More of the same. That’s good news for the Kiwis and bad news for Luna Rossa and the Italians.
Kiwis lead 3-0. Today was “hump day” for them.
Jesse James Spithill appeared today for the first four minutes of the prestart today. With the advantage of the right at the 5 minute gun and 8 knots of wind, he managed to keep Dean Barker off to the left, blocked from maneuvering. Then with 1 minute to go and his opponent trapped above the line, he mysteriously gybed away and went for the left end of the line. It was very hard for us spectators to understand this final minute of the prestart. In fact, Team New Zealand said after the race that they thought they were done for and suddenly found themselves getting the start they wanted at the right side of the line, albeit a bit slow. Pretty good considering they should have been shut out if not forced to take the left.
At the start, Luna Rossa was in fact going 10 knots and Team New Zealand was going 6. I fully expected to see Luna Rossa taking advantage of this small lead and tacking to take the right at that instant. But they opted to stay on starboard and a long straight line ensued. After 3 minutes, it was already too late for Luna Rossa to tack and cross. The lead was gone and TNZ was ahead and to the right. It only got better for TNZ from there. Race over.
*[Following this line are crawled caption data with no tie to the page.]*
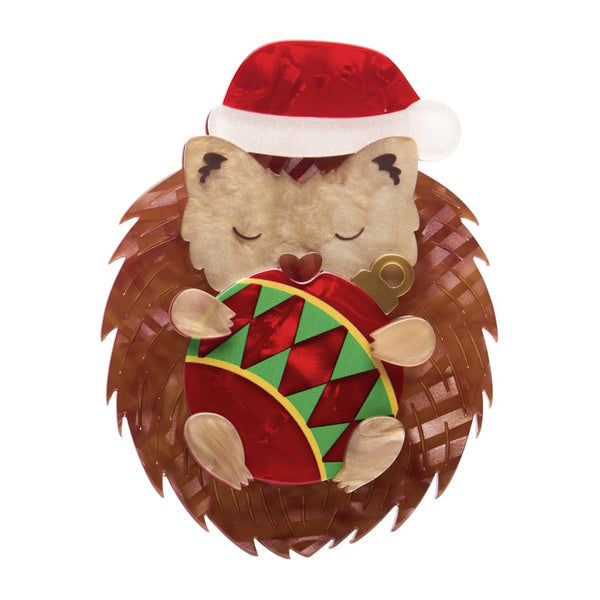 Erstwilder Hannah the Hedgehog layered resin brooch features a brown hedgehog hugging a Christmas bauble whilst wearing a Santa hat.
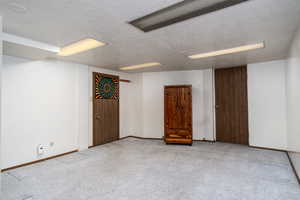 Unfurnished room featuring light colored carpet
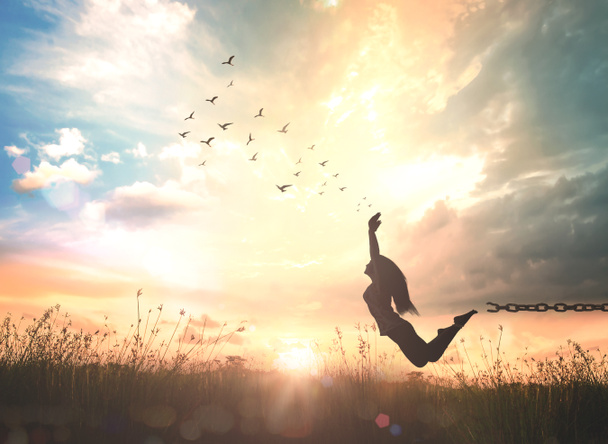 世界精神衛生デーのコンセプト:彼女の手を上げて秋の日没の牧草地でジャンプする女の子のシルエット - 写真・画像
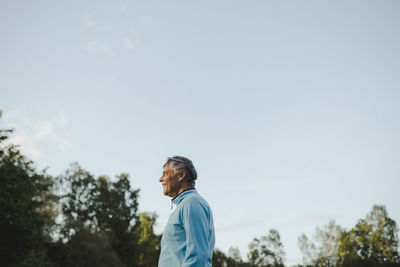 Side view of man looking at trees against sky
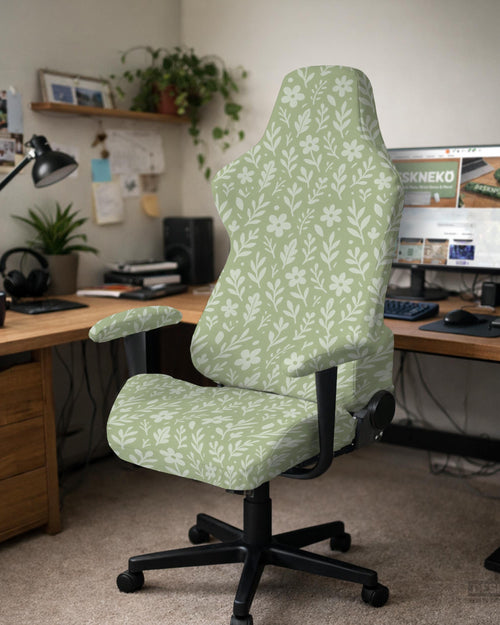 Green chair cover with a small botanical floral print in sage and cream.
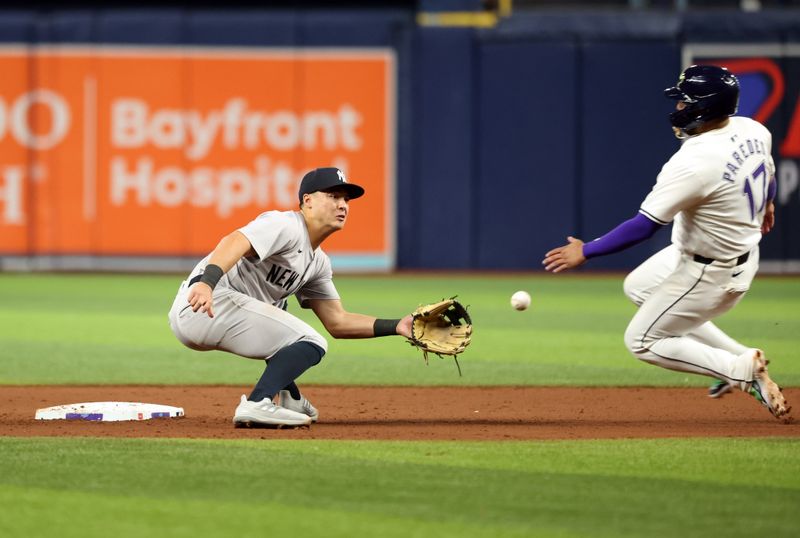 May 10, 2024; St. Petersburg, Florida, USA;  New York Yankees shortstop Anthony Volpe (11) tags out Tampa Bay Rays third base Isaac Paredes (17) as he attempted to steal second base during the seventh inning at Tropicana Field. Mandatory Credit: Kim Klement Neitzel-USA TODAY Sports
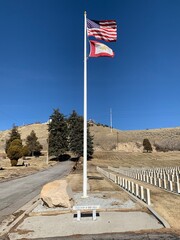 American Flag and Gold Star Service Flag Waving in the Wind at Armed Forces Cemetery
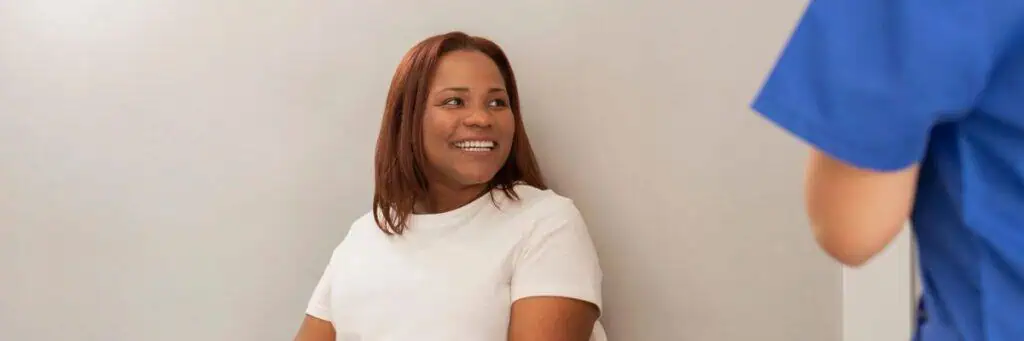 Smiling female patient during gynecological consultation in Los Angeles.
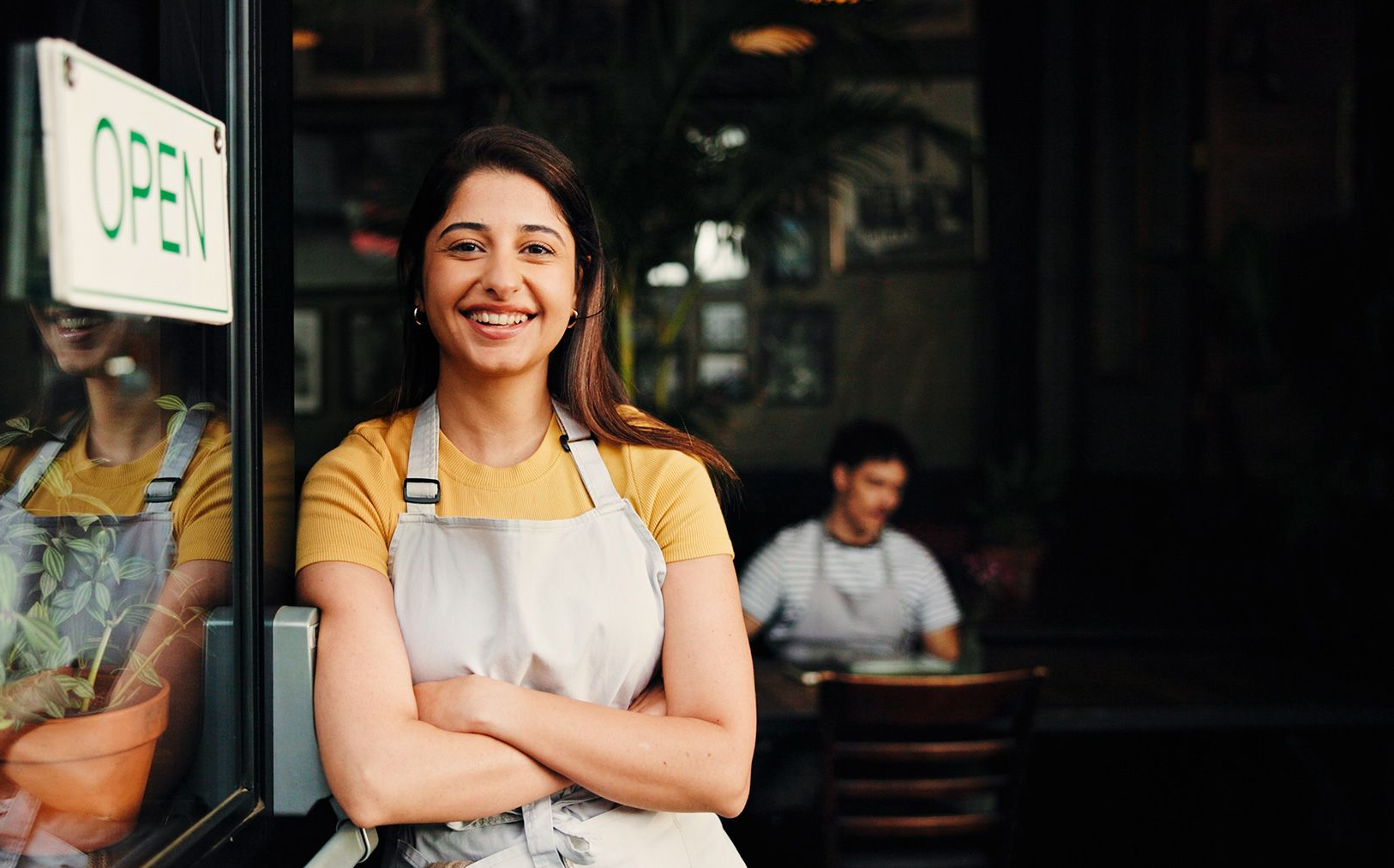Happy woman, open with confidence in cafe for small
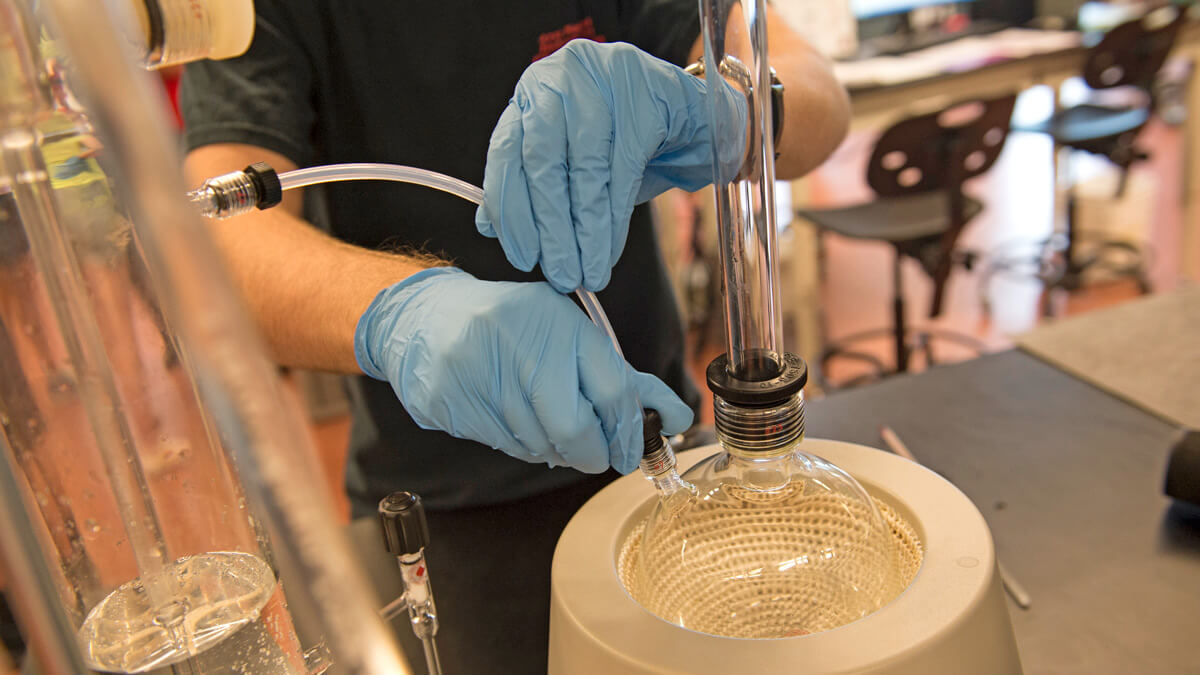 Hands wearing light blue gloves work with glass bowl.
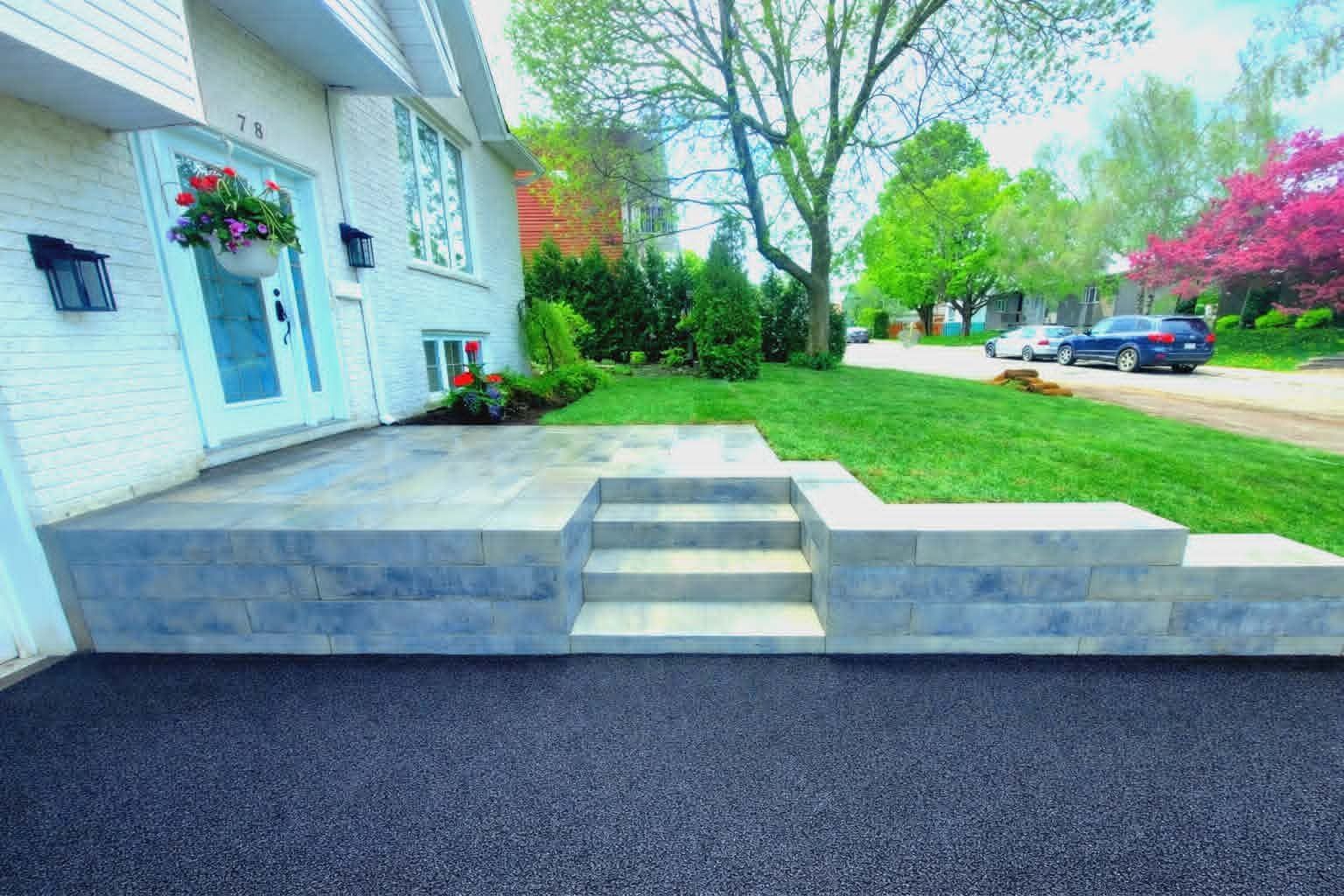 Marches et rampe d'accès à une maison blanche à porte bleue, à côté d'une pelouse verte et d'une rue.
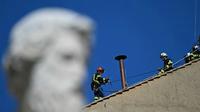 Jelang konklaf, petugas pemadam kebakaran memasang cerobong asap di atap Kapel Sistina di Kota Vatikan, pada Jumat (2/5/2025). (Dok. AFP/Gabriel Bouys)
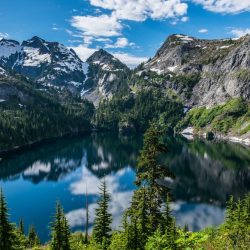 Snowy peaks of the Cascade Range reflect in the calm waters of Doubtful Lake in North Cascades National Park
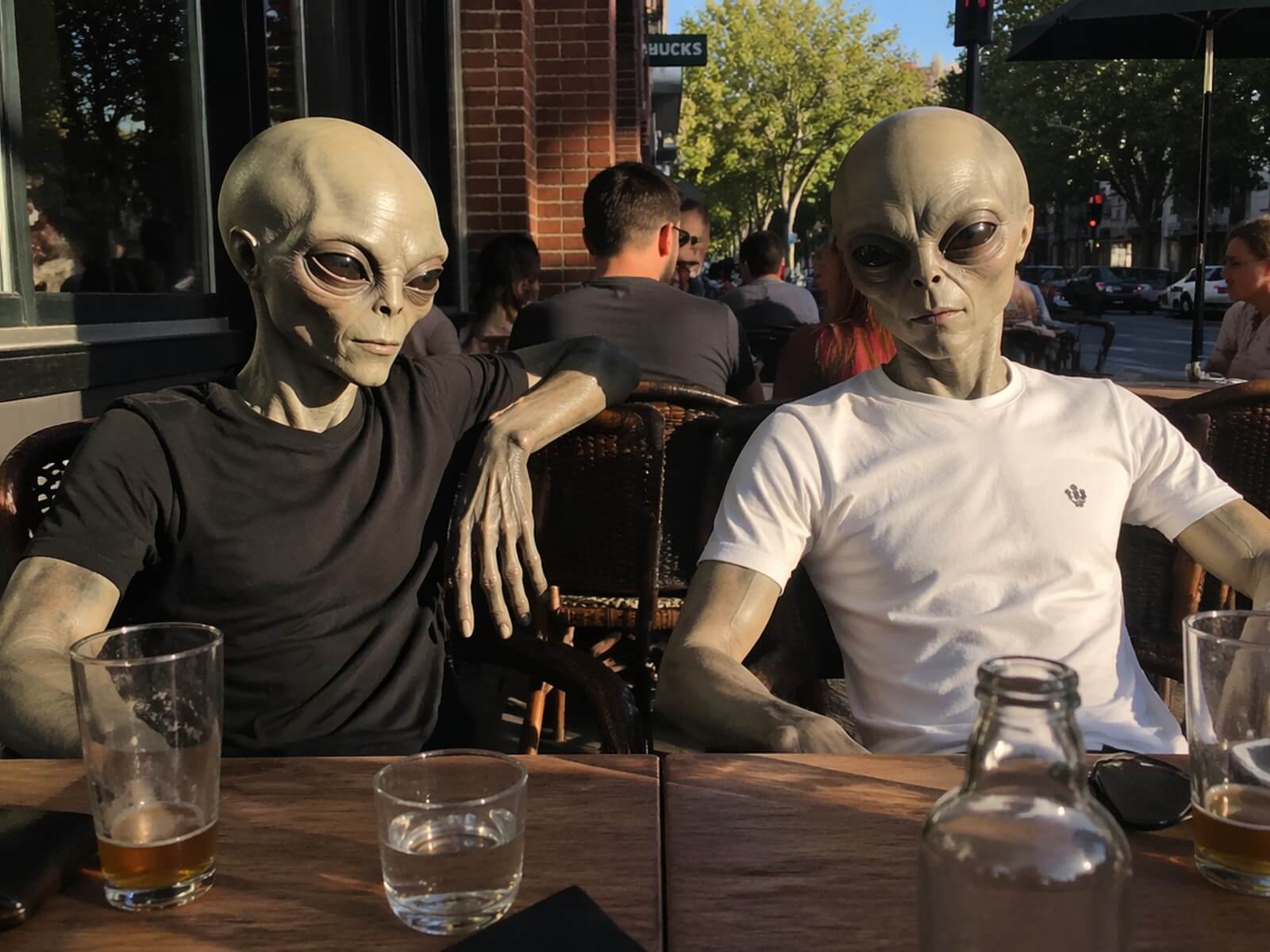 A photorealistic i Phone photo of two aliens sitting at an outdoor cafe generated with gpt image 2 on clipfly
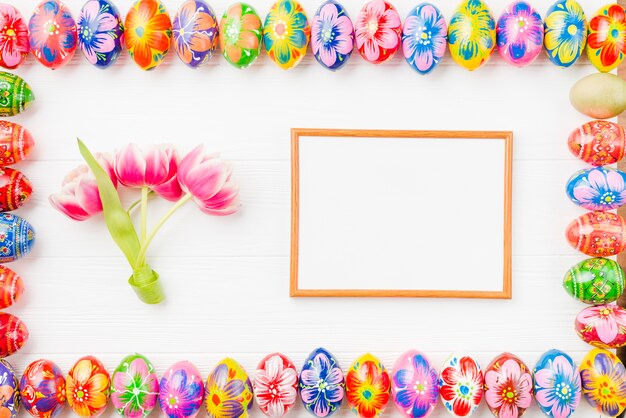 Collection d&#39;oeufs colorés sur les bords, le cadre et les fleurs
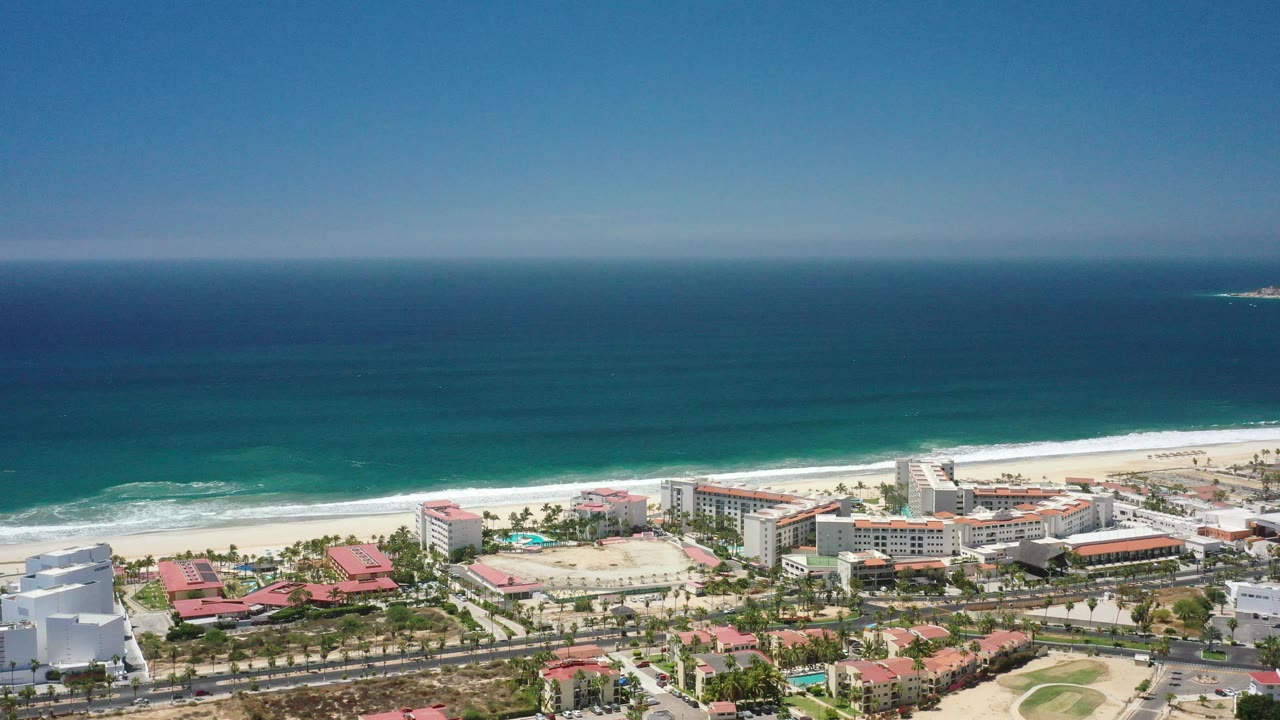 Wide coastal aerial with resorts and surf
I don’t want to minimize the fact that Team New Zealand is sailing very well. Terry Hutchinson is doing a masterful job. He keeps the clamps on Luna Rossa constantly, only splitting the necessary amount downwind to keep his air clear. Upwind his matches Luna Rossa’s every move and leaves no hope, no daylight, for Luna Rossa. The boat is fast and the crew has been perfect in every maneuver.
Then there is the speed part. It looks to me like Team New Zealand is a bit fast than Luna Rossa. I would say the advantage was more pronounced today in the 8 to 10 knots range. For me, this is 25% of the problem with 75% of the problem being the starts and getting the correct side of the course. Certainly the races are winnable for Luna Rossa. The start and the correct side are worth that much here in Valencia.
Another thing I noticed yesterday is that Team New Zealand heels 3 degrees more than Luna Rossa. A boat carries a certain amount of heel (power in the sail plan) if it can. The fact that TNZ can carry 3 degrees more heel without having helm problems tells me that the center of effort of the sail plan is more forward relative to the keel. This would help in accelerating after tacking as well. To make more power, you make your sails differently, maybe a bit fuller. You are able to keep the traveler up longer and therefore the boats just heels more which is ok because they are balanced for that.
Anyway these are just my suppositions from inside a box (TV studio) watching TV monitors. The guys on each team know the real story. Hopefully, for Luna Rossa, they have analyzed things and can make a few adjustments both tactically and performance wise. Otherwise this may be a very short series.